Before the end of the first semester, you’ll be asked to submit a Draft Plan of Study detailing your intended coursework (see Designing Your Unique Academic Plan section). This plan must comprise 30 units of required graduate coursework (500- or 600-level) and fulfill the following requirements:
- All requirements for the master’s degree must be completed within 6 years to ensure currency of knowledge. Time-to-degree begins with the earliest course listed on the Plan of Study, including credits transferred from other institutions. Work more than 6 years old is not accepted toward degree requirements.
Additionally, a cumulative GPA of 3.0 or higher must be maintained on all coursework taken.
Some of the courses that you can choose from include:
|Course #||Course Name||Units|
|ECE 501B||Advanced Linear Systems Theory||3 Units|
|ECE 503||Probability and Random Processes for Engineering Applications||3 Units|
|ECE 505||Model-Integrated Computing||3 Units|
|ECE 506||Reconfigurable Computing||3 Units|
|ECE 509||Cyber Security – Concept, Theory, Practice||3 Units|
|ECE 527||Holography and Diffractive Optics||3 Units|
|ECE 529||Digital Signal Processing||3 Units|
|ECE 535A||Digital Communications Systems||3 Units|
|ECE 538||Radar Signal Processing||3 Units|
|ECE 541A||Automatic Control||3 Units|
|ECE 542||Digital Control Systems||3 Units|
|ECE 562||Computer Architecture and Design||3 Units|
|ECE 564||Advanced Topics in Computer Networks||3 Units|
|ECE 566||Knowledge-System Engineering||3 Units|
|ECE 573||Software Engineering Concepts||3 Units|
|ECE 578||Fundamentals of Computer Networks||3 Units|
|ECE 579||Principles of Artificial Intelligence||3 Units|
|ECE 639||Detection and Estimation in Engineering Systems||3 Units|
Designing Your Unique Academic Plan
New students must obtain an initial Faculty Advisor prior to or at the beginning of the first semester of study. The initial Faculty Advisor will assist in selecting courses for the Draft Plan of Study, which is a comprehensive plan detailing what courses you’ll pursue to complete the program. You may also submit a revised Draft Plan of Study for approval at any time. The study plan is then finalized and submitted to the College of Engineering for approval.

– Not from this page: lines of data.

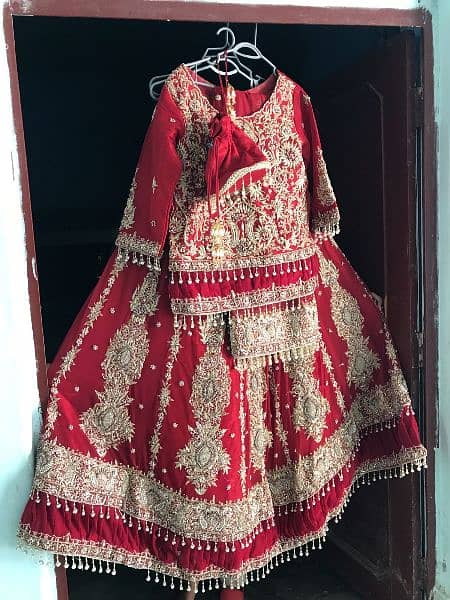 Bridal lehnga/Nikkah dress/Braidal walima maxi/Walima dress 2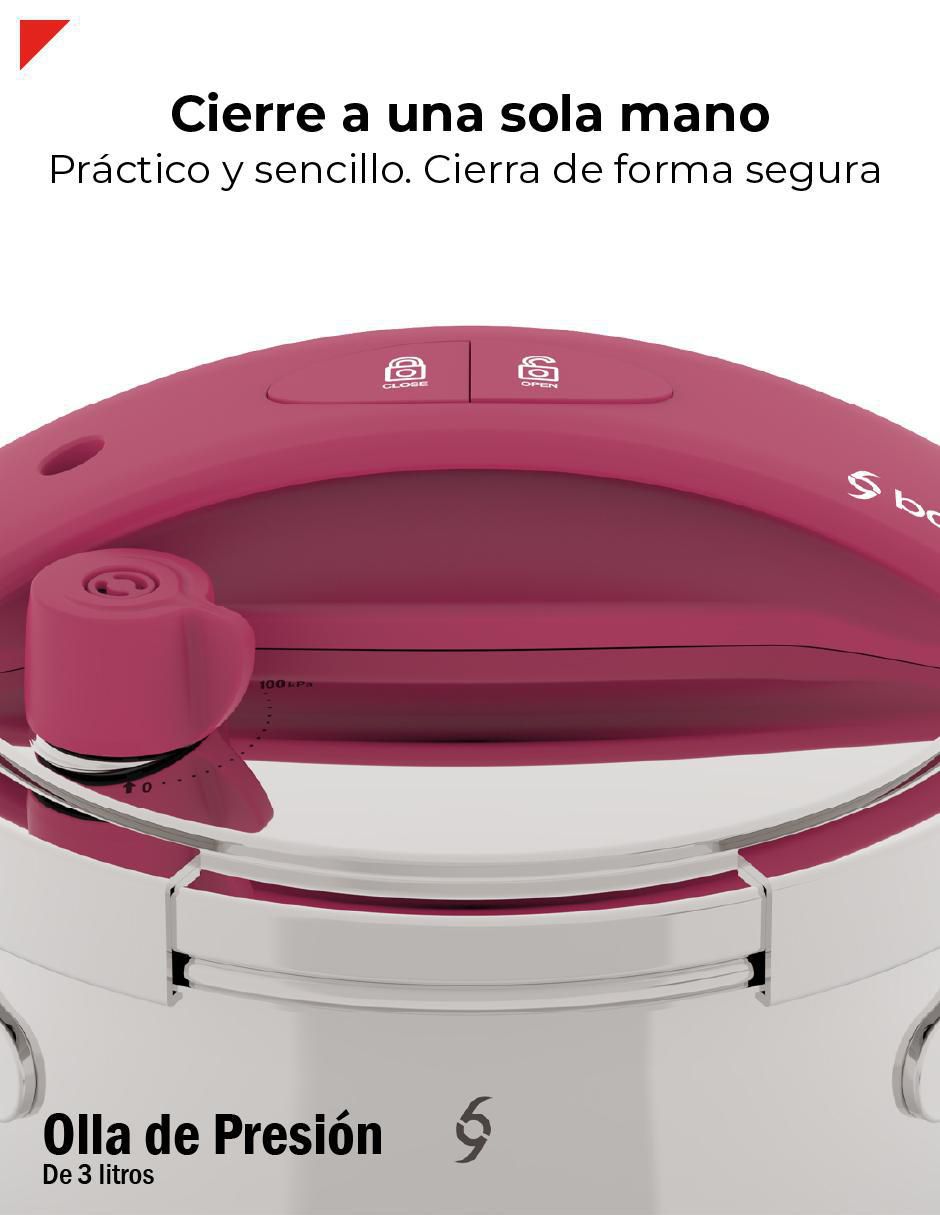 Olla presión 6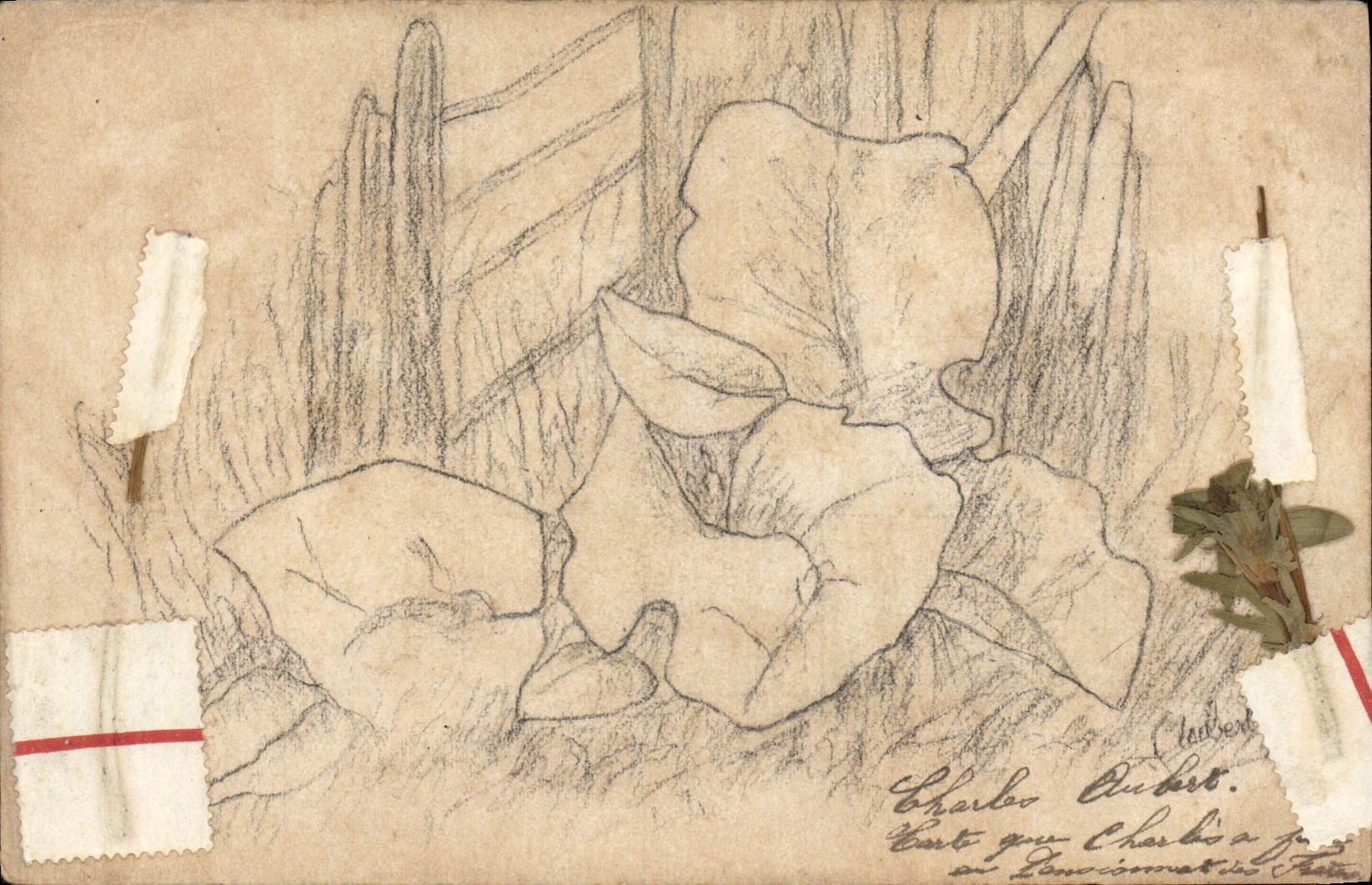 CPA Fantaisie (dessin a la main) Fleurs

You can view our online course catalog and start crafting your academic plan.
We strongly encourage including a wide breadth of topics in the study plan. Your Faculty Advisor may require that the study plan include specific courses, including non-ECE courses, if it is necessary for your desired area of research.
Should you be interested in pursuing your Ph.D. after completing the program, we advise carefully considering the policies regarding your Ph.D. minor of interest when selecting your M.S. coursework. Up to 6 units of the Ph.D. minor may come from the M.S. coursework, if approved by the relevant minor department. In general, the Dept. of ECE allows a split Ph.D. minor consisting of coursework from more than one department. In the case of a dual or split minor, each sub-minor must consist of at least 6 units of coursework from the same department. However, ECE Ph.D. students with a non-ECE minor may be required by the minor department to take all 12 units of the minor in that minor department.